= weiht
Looking at the past won't give answers, but it can perhaps help prepare for it. There will always be a possibility of another Katrina, another 911, another Great Depression, but that doesn't mean steps cannot be taken to minimise the impact.
Anyway, I am digressing. Not my intention to nit pick on solutions, really. But the information about the impact of the Great Depression on Singapore has value.
I want to reopen the threadstarter's question again, but with a few of the following factors being kept in mind.
Here is how Singapore back in 30s different from Singapore today:
1) We are no longer part of Malaya or British rule. We are an independant republic, so if anything happens, we are on our own.
2) There is no rubber or tin or any of such resources now. We are reliant on being THE Hub of... whatever is profitable.
3) Technology has allowed us to bring in labour resources easier. But it is also easier for these resources to leave. Nothing to keep them here if the situation goes bad, really.
4) We have foreign investments.

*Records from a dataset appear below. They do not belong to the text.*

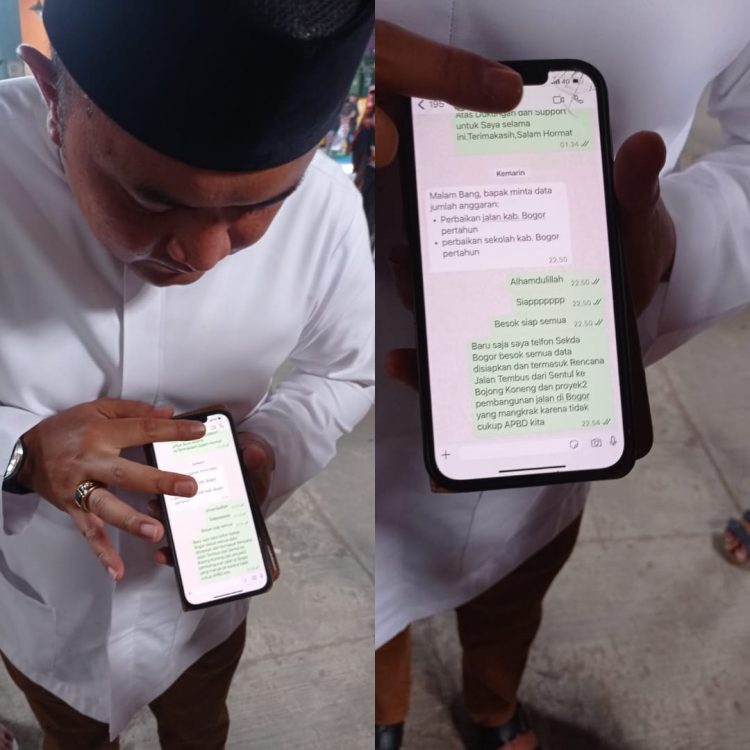 Serius Benahi Kabupaten Bogor, Prabowo Minta Data Anggaran Perbaikan Infrastruktur ke Cabup Rudy Susmanto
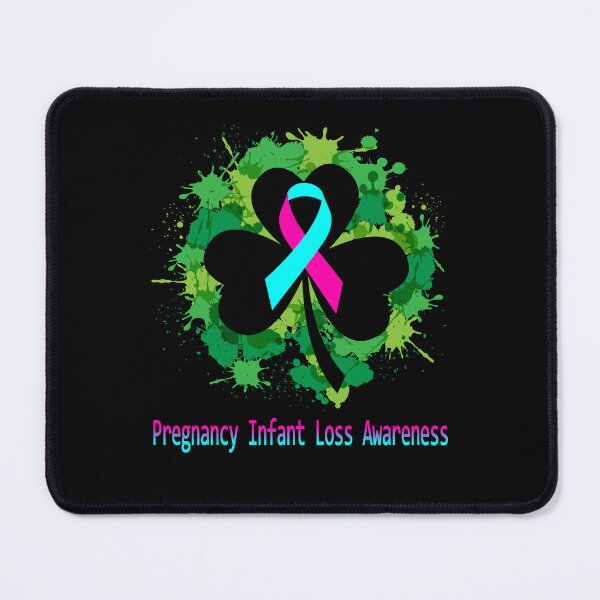 Item preview, Pregnancy Infant Loss Awareness Clover Ribbon Happy Patricks Day Support Pregnancy Infant Loss Warrior Gifts designed and sold by Tammyilaria.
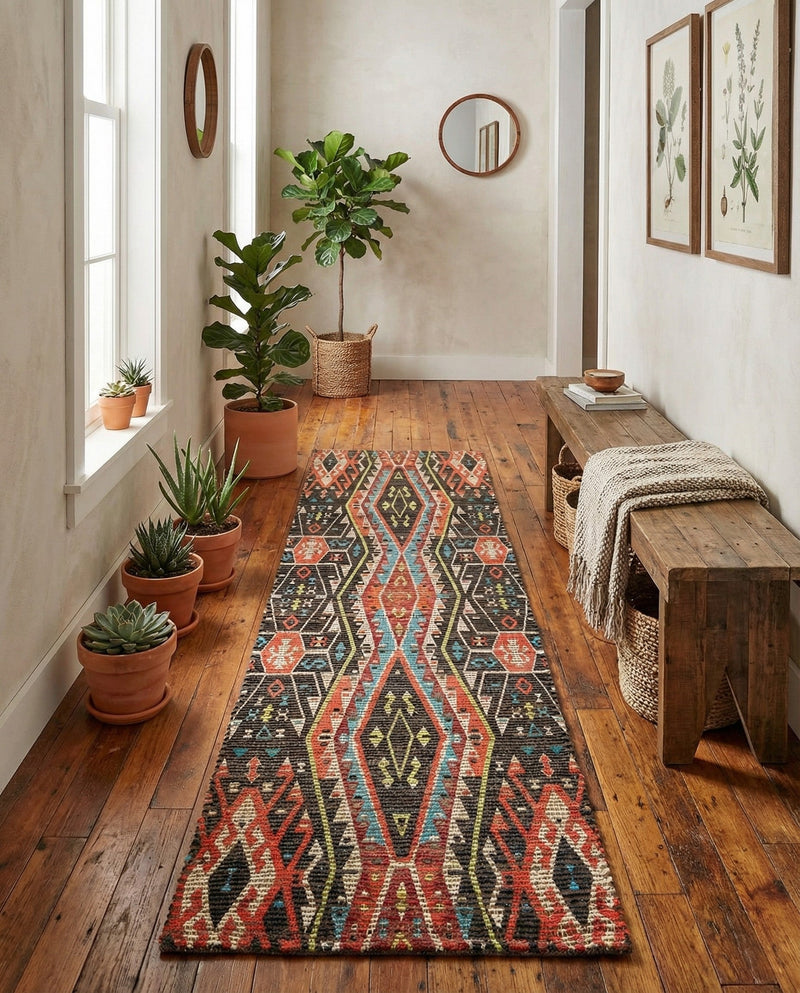Savannah Threads Collection Area Rug - Yosemite Runner Multi  lifestyle 36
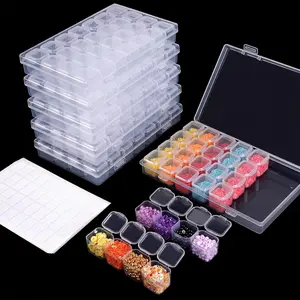 168 Slots 6 count 28 Grids  Painting Boxes Plastic Organizer, Bead Organizer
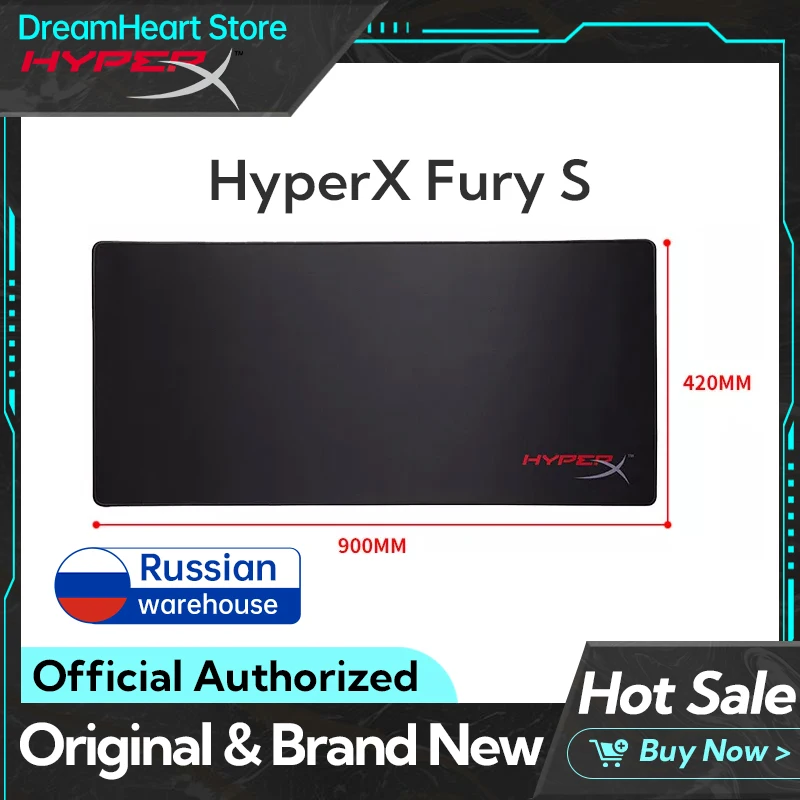 Hyperx fury s gaming mouse pad xl gaming mouse pad tem perfeitamente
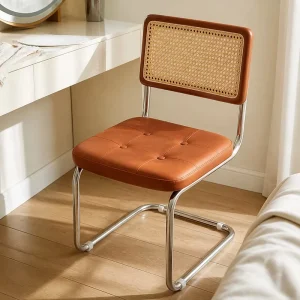 Modern Minimalist Light Luxury Medieval Style Restaurant Living Room Hotel Metal Leg Wassily Dining Chair Office Desk Chair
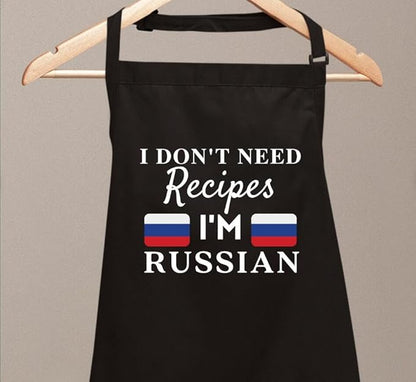 I Don't Need Recipes Novelty Chef Kitchen BBQ Apron Barber Chef Bib BBQ Kitchen Decor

I don't know how diversified this portfolio is. Basic understanding is that the more diversified, the better.
5) Tourism seems to be the ace card of our economy right now, with the F1 and Youth Olympics around the corner, and the building of the IR. In the short-mid term, it seems to look healthy. But in order for this to remain competitive, there is a need to constantly churn out things to make it attractive - which some of us may argue may cause a "manufactured" and "artificial" representation of Singapore.
Perhaps there are many more factors to consider, but based on these (and others that you might have), what would be your intelligent guess to how the US economic situation will affect Singapore?